*HOW TO COMPLETE THIS TASK:* Both the line containing "Partitura da música Symphony No. 13" and the line containing "Foliofabrics homepage screenshot" belong to the span. Output exactly that span from the listing below, and nothing outside it.

*INFORMATION PROVIDED:*
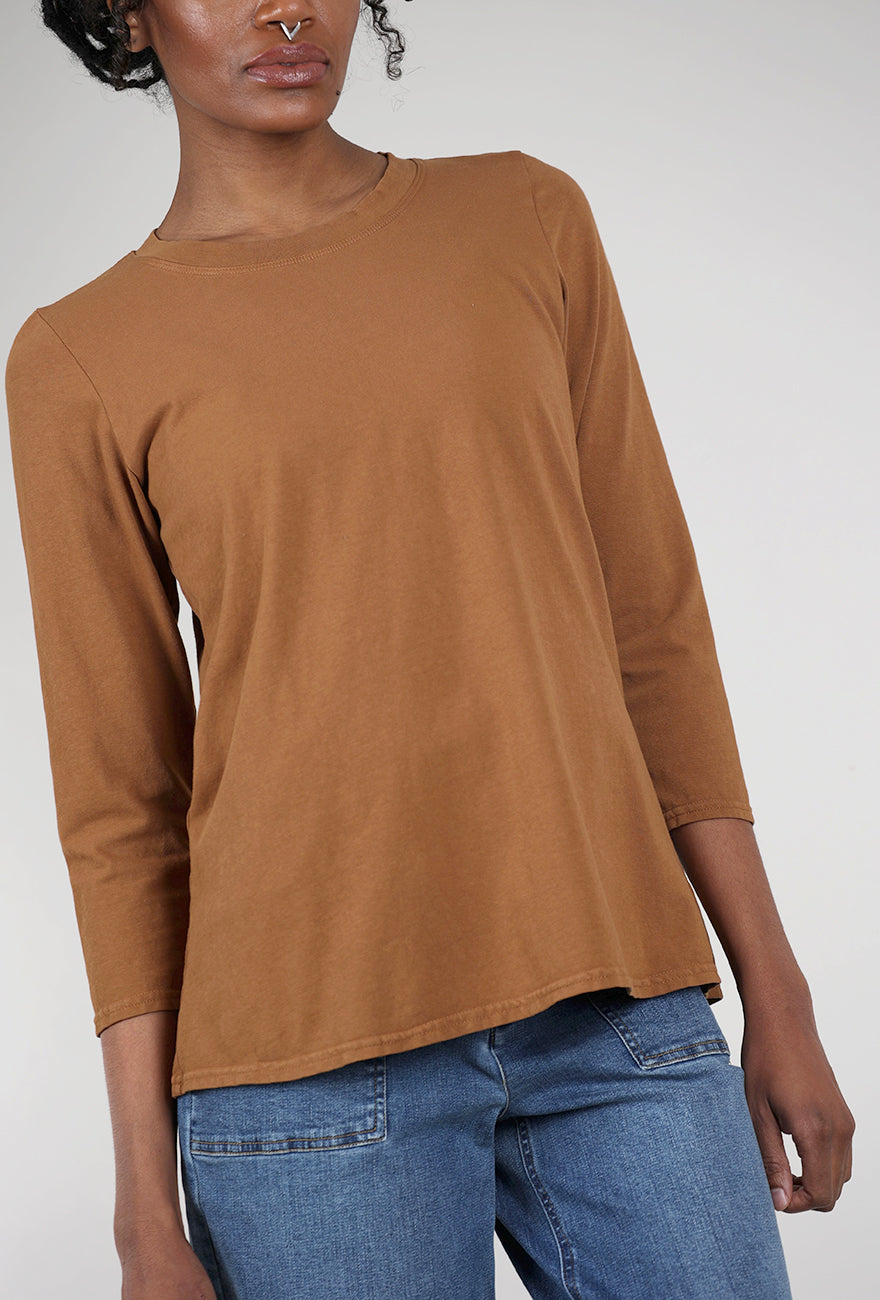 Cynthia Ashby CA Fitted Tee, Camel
...
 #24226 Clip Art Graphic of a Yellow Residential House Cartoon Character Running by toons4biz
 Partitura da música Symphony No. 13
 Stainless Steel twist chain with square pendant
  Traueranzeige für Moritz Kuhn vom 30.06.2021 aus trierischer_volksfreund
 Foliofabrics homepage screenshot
==
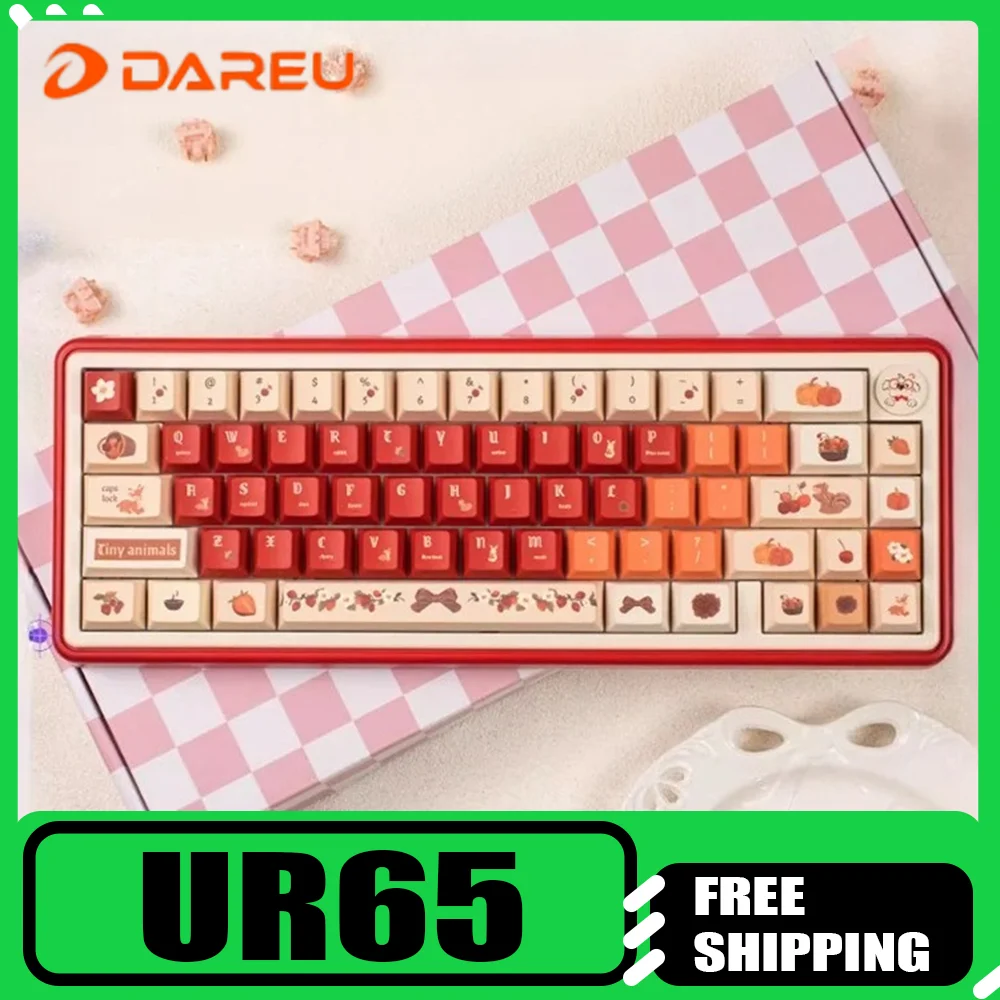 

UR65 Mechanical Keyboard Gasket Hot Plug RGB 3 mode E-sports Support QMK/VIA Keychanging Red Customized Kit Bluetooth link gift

*EXPECTED ANSWER:*
 Partitura da música Symphony No. 13
 Stainless Steel twist chain with square pendant
  Traueranzeige für Moritz Kuhn vom 30.06.2021 aus trierischer_volksfreund
 Foliofabrics homepage screenshot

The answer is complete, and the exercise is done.